Rádio Castelo Branco





01/06/25

Os anjos vão dormir...



Os anjos vão dormir...


Os anjos vão dormir: a noite cai
mas libertam os astros para desvendarem
o que apaixona os homens sobre a terra,
que gritos soltam estes, como fazem guerras
e criam desencontros de hora a hora
e se atropelam sem real razão.

Pena que a escuridão seja tão longa,
que o reinado de estrelas não dissipe
o negro tenebroso da maldade:
o breu a consumir cabal alívio
ou confiança no florescimento.

Como saber se os anjos   quand' aurora
virão, calmos de sono, despertar-nos ?

António Salvado, Repor a luz

 

Mais um dia 1 de Junho em que se comemora o Dia Mundial da Criança.
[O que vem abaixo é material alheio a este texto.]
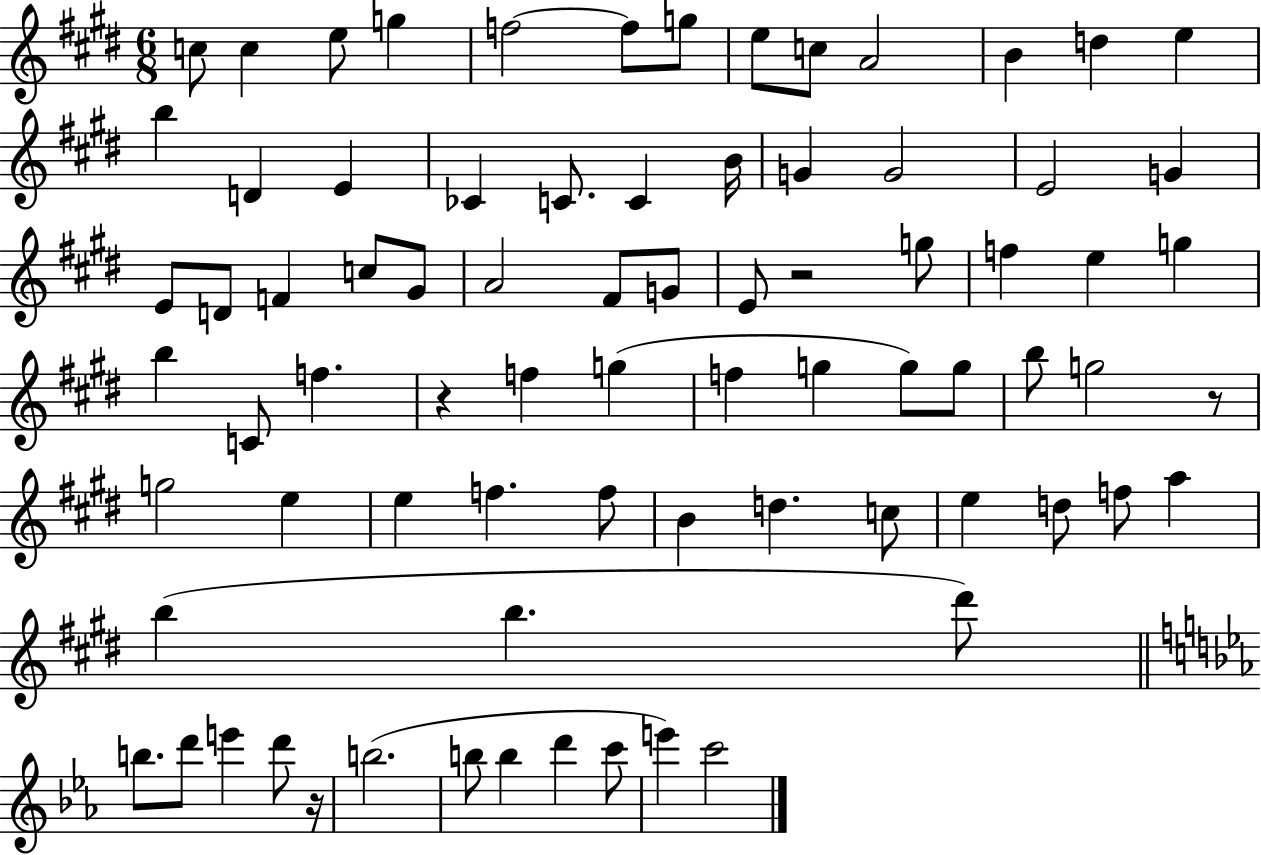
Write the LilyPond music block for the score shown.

{
  \clef treble
  \numericTimeSignature
  \time 6/8
  \key e \major
  c''8 c''4 e''8 g''4 | f''2~~ f''8 g''8 | e''8 c''8 a'2 | b'4 d''4 e''4 | \break b''4 d'4 e'4 | ces'4 c'8. c'4 b'16 | g'4 g'2 | e'2 g'4 | \break e'8 d'8 f'4 c''8 gis'8 | a'2 fis'8 g'8 | e'8 r2 g''8 | f''4 e''4 g''4 | \break b''4 c'8 f''4. | r4 f''4 g''4( | f''4 g''4 g''8) g''8 | b''8 g''2 r8 | \break g''2 e''4 | e''4 f''4. f''8 | b'4 d''4. c''8 | e''4 d''8 f''8 a''4 | \break b''4( b''4. dis'''8) | \bar "||" \break \key ees \major b''8. d'''8 e'''4 d'''8 r16 | b''2.( | b''8 b''4 d'''4 c'''8 | e'''4) c'''2 | \break \bar "|."
}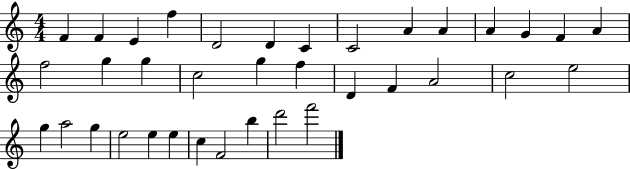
{
  \clef treble
  \numericTimeSignature
  \time 4/4
  \key c \major
  f'4 f'4 e'4 f''4 | d'2 d'4 c'4 | c'2 a'4 a'4 | a'4 g'4 f'4 a'4 | \break f''2 g''4 g''4 | c''2 g''4 f''4 | d'4 f'4 a'2 | c''2 e''2 | \break g''4 a''2 g''4 | e''2 e''4 e''4 | c''4 f'2 b''4 | d'''2 f'''2 | \break \bar "|."
}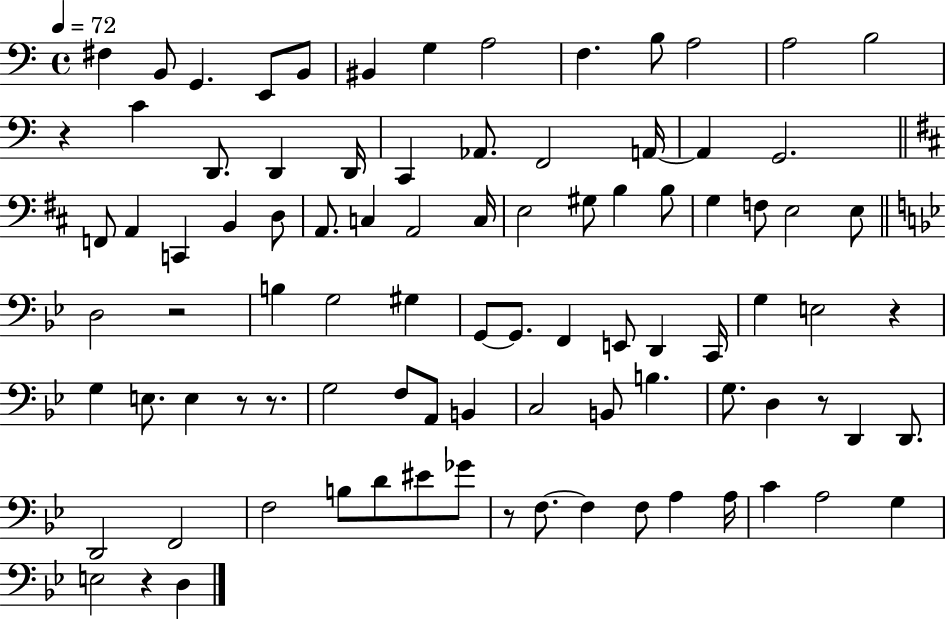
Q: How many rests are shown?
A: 8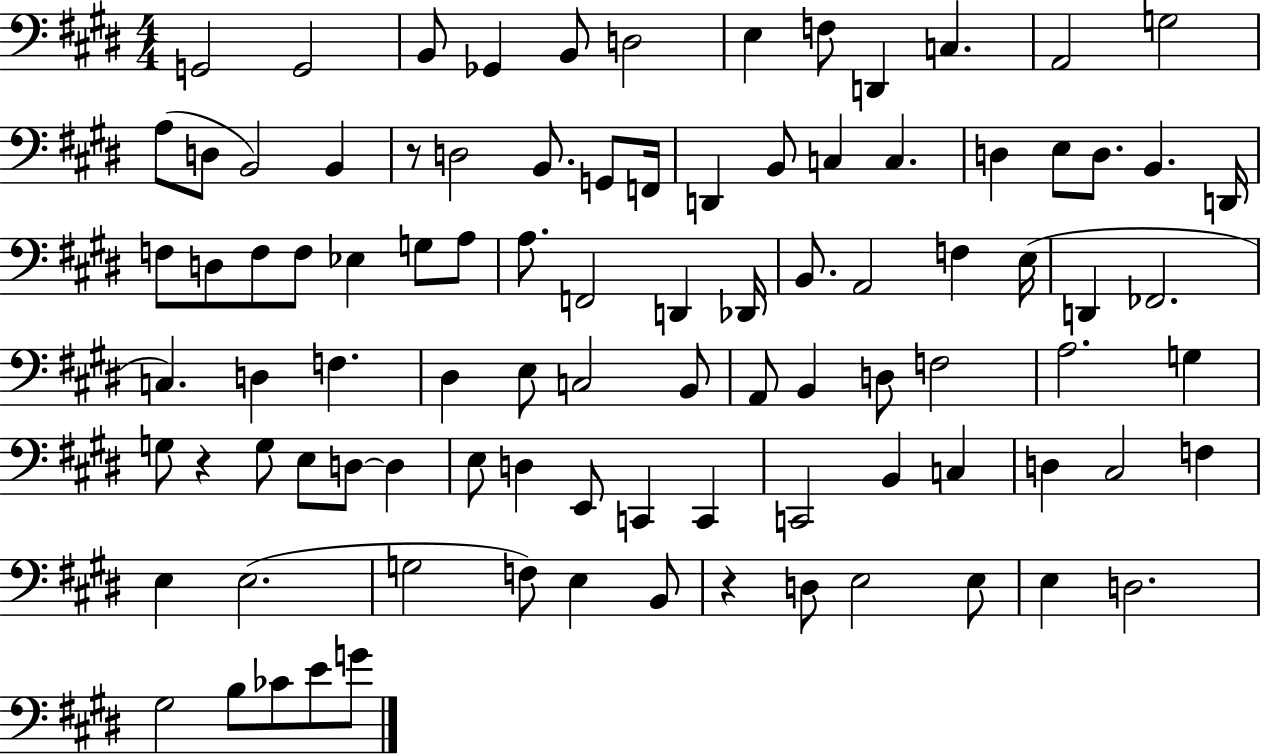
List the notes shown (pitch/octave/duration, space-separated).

G2/h G2/h B2/e Gb2/q B2/e D3/h E3/q F3/e D2/q C3/q. A2/h G3/h A3/e D3/e B2/h B2/q R/e D3/h B2/e. G2/e F2/s D2/q B2/e C3/q C3/q. D3/q E3/e D3/e. B2/q. D2/s F3/e D3/e F3/e F3/e Eb3/q G3/e A3/e A3/e. F2/h D2/q Db2/s B2/e. A2/h F3/q E3/s D2/q FES2/h. C3/q. D3/q F3/q. D#3/q E3/e C3/h B2/e A2/e B2/q D3/e F3/h A3/h. G3/q G3/e R/q G3/e E3/e D3/e D3/q E3/e D3/q E2/e C2/q C2/q C2/h B2/q C3/q D3/q C#3/h F3/q E3/q E3/h. G3/h F3/e E3/q B2/e R/q D3/e E3/h E3/e E3/q D3/h. G#3/h B3/e CES4/e E4/e G4/e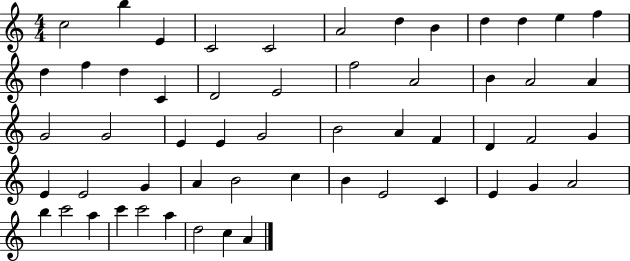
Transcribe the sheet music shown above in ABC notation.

X:1
T:Untitled
M:4/4
L:1/4
K:C
c2 b E C2 C2 A2 d B d d e f d f d C D2 E2 f2 A2 B A2 A G2 G2 E E G2 B2 A F D F2 G E E2 G A B2 c B E2 C E G A2 b c'2 a c' c'2 a d2 c A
Assinalado, pela primeira vez, em 1950, por iniciativa das Nações Unidas, com o objetivo de chamar a atenção para os problemas das crianças, mantém-se mais necessário do que nunca quando vivemos, principalmente as crianças, com "o negro tenebroso da maldade: o breu a consumir cabal alívio ou confiança no florescimento".



29/05/25

Vitórias e derrotas


No futebol como na política, no (nosso) clube ou no (nosso) partido, tem que se conseguir a vitória a todo o custo e a derrota não pode existir. 
Em todos os jogos da nossa vida, no jogo familiar, sindical, interpessoal, transformamos cada vitória ou derrota num assunto tão fundamental que reagimos com emoção de forma desproporcionada, ou arranjamos maneiras de enviesar e alterar a realidade do fracasso.
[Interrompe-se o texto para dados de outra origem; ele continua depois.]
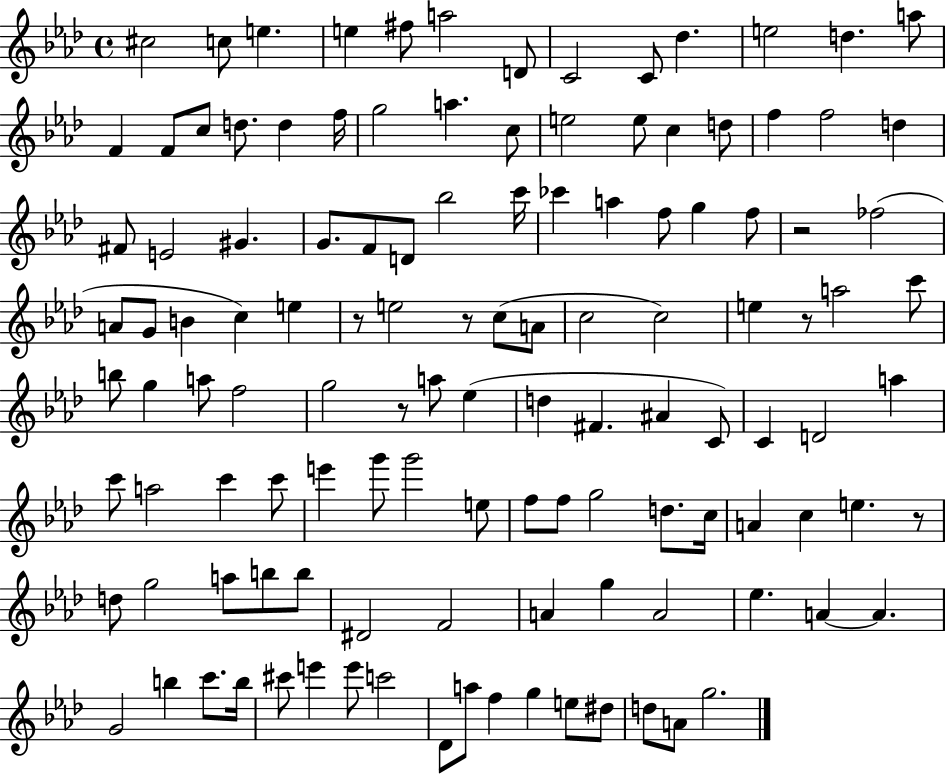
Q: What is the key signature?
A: AES major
Porque é tao dificil assumir a derrota? Já nos habituámos a ver, nas noites eleitorais, transformar derrotas em vitórias. Há quem nunca perca e seja incapaz de ver a realidade. Assistimos muitas vezes a episódios de quem não sabe perder e até tem mau perder. 
E o que é mais espantoso: porque não se sabe ganhar? Por que é que nas vitorias tem que haver vingança e manifestações violentas ?
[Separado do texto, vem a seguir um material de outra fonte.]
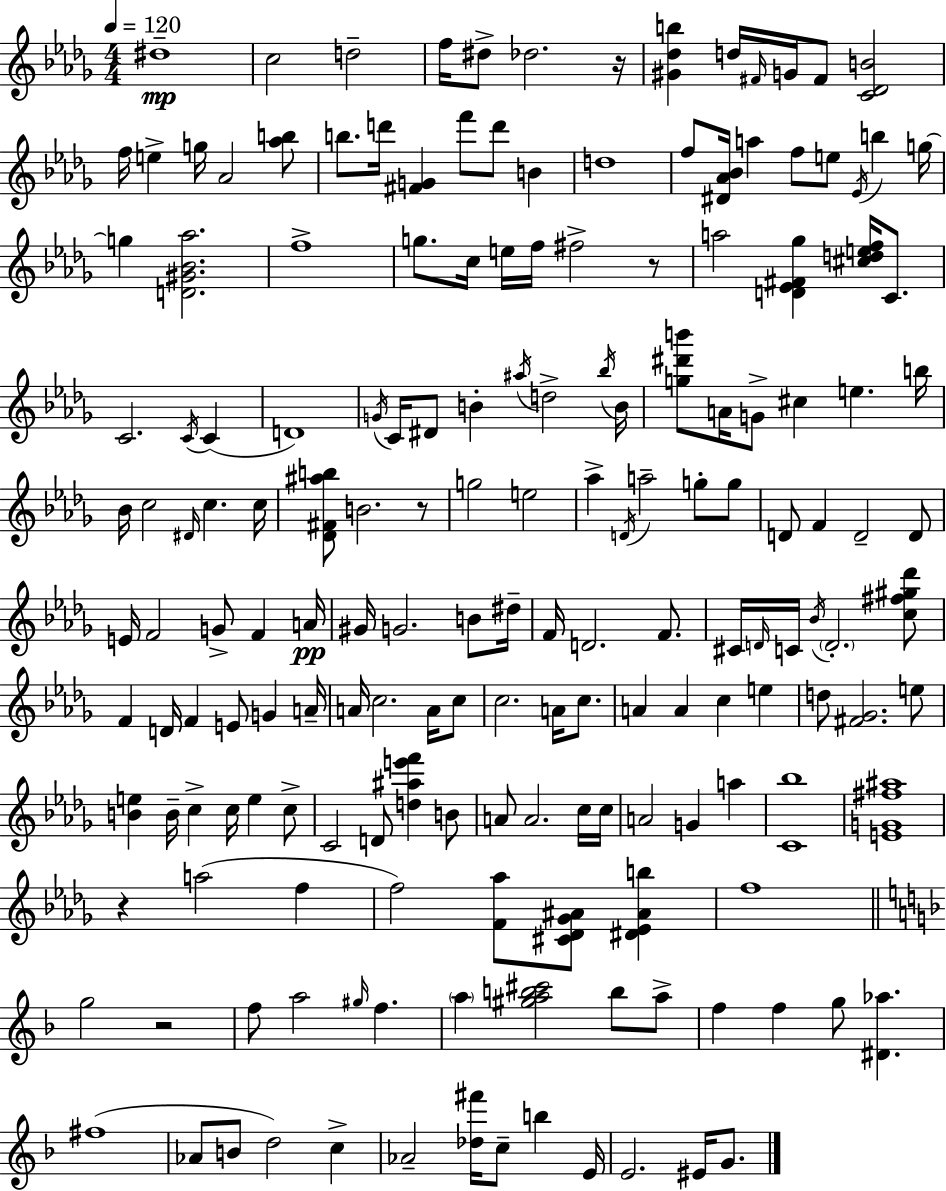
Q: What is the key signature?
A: BES minor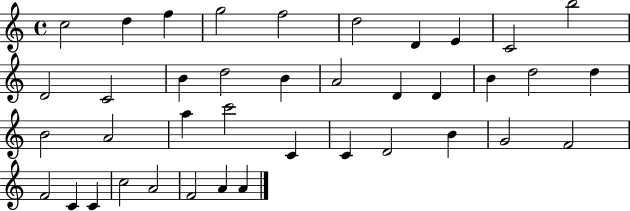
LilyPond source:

{
  \clef treble
  \time 4/4
  \defaultTimeSignature
  \key c \major
  c''2 d''4 f''4 | g''2 f''2 | d''2 d'4 e'4 | c'2 b''2 | \break d'2 c'2 | b'4 d''2 b'4 | a'2 d'4 d'4 | b'4 d''2 d''4 | \break b'2 a'2 | a''4 c'''2 c'4 | c'4 d'2 b'4 | g'2 f'2 | \break f'2 c'4 c'4 | c''2 a'2 | f'2 a'4 a'4 | \bar "|."
}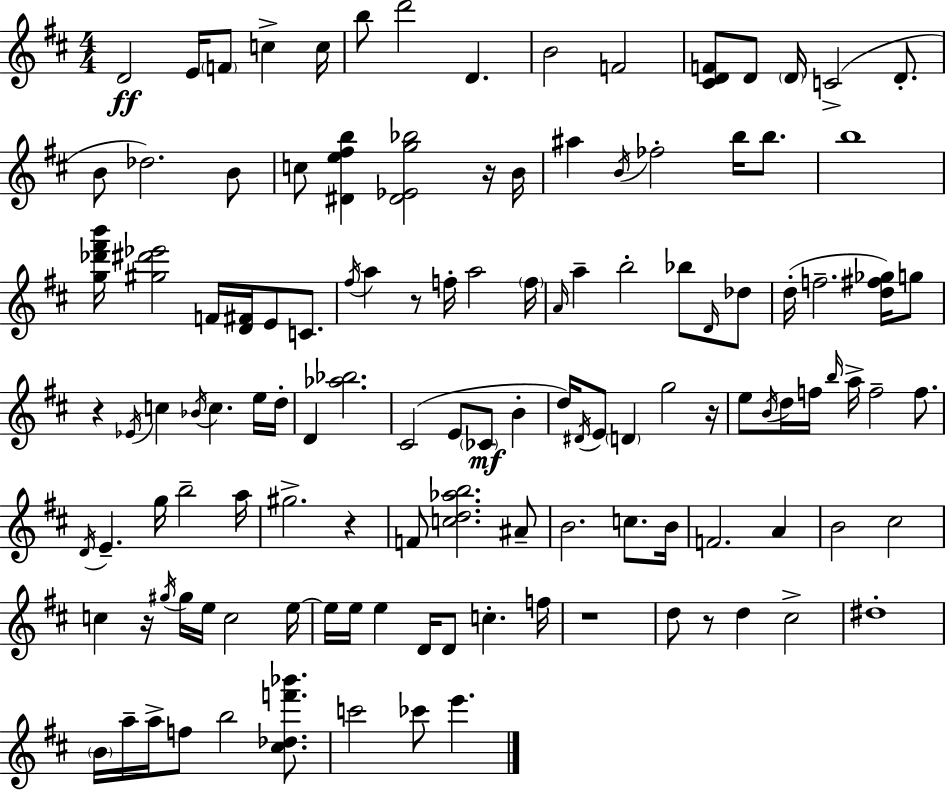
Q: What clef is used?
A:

Experiências positivas e negativas, vitórias e derrotas afetam o cérebro de maneiras diferentes.  (Veja o que acontece no cérebro na vitória e na derrota)
Na vitória, o cérebro liberta substâncias químicas, principalmente dopamina, que é frequentemente associada ao prazer e à recompensa. Cria uma sensação de euforia e satisfação, que incentiva a repetir comportamentos que levam ao sucesso. 

Por outro lado, numa derrota, o cérebro liberta dopamina em níveis muito menores. Em vez disso, outras áreas do cérebro, como a amígdala, que está associada às emoções e ao processamento do medo, tornam-se mais activas. Isso pode levar a sentimentos de frustração, tristeza ou, até mesmo, raiva.

A maneira como a mente interpreta uma derrota pode influenciar a resposta do cérebro. "Pessoas que vêem a derrota como uma oportunidade para aprender tendem a recuperar mais rapidamente e a serem mais resilientes. Isso sugere que a mentalidade desempenha um papel crucial na forma como o cérebro processa falhas e sucessos".

Na experiência de M. Seligman sobre o fracasso aprendido sabemos que podemos ser ainda mais prejudicados, a ponto de nos deprimirmos: nunca ganho, tudo corre sempre mal, perdido por cem perdido por mil...

Psychologies
Por outro lado, sabemos que cada fracasso pode ser um progresso para o sucesso. Mais do que lamentar-nos dos fracassos, é preciso celebrá-los como etapas cruciais do nosso percurso. Cada fracasso é uma lição, cada decepção é uma oportunidade de crescimento. Devemos aceitar os desafios, porque eles são o que nos torna mais fortes e nos impulsiona. Por isso, não devemos ficar presos em pensamentos negativos. Cada dia oferece uma nova chance de nos reinventarmos e construir um futuro mais positivo.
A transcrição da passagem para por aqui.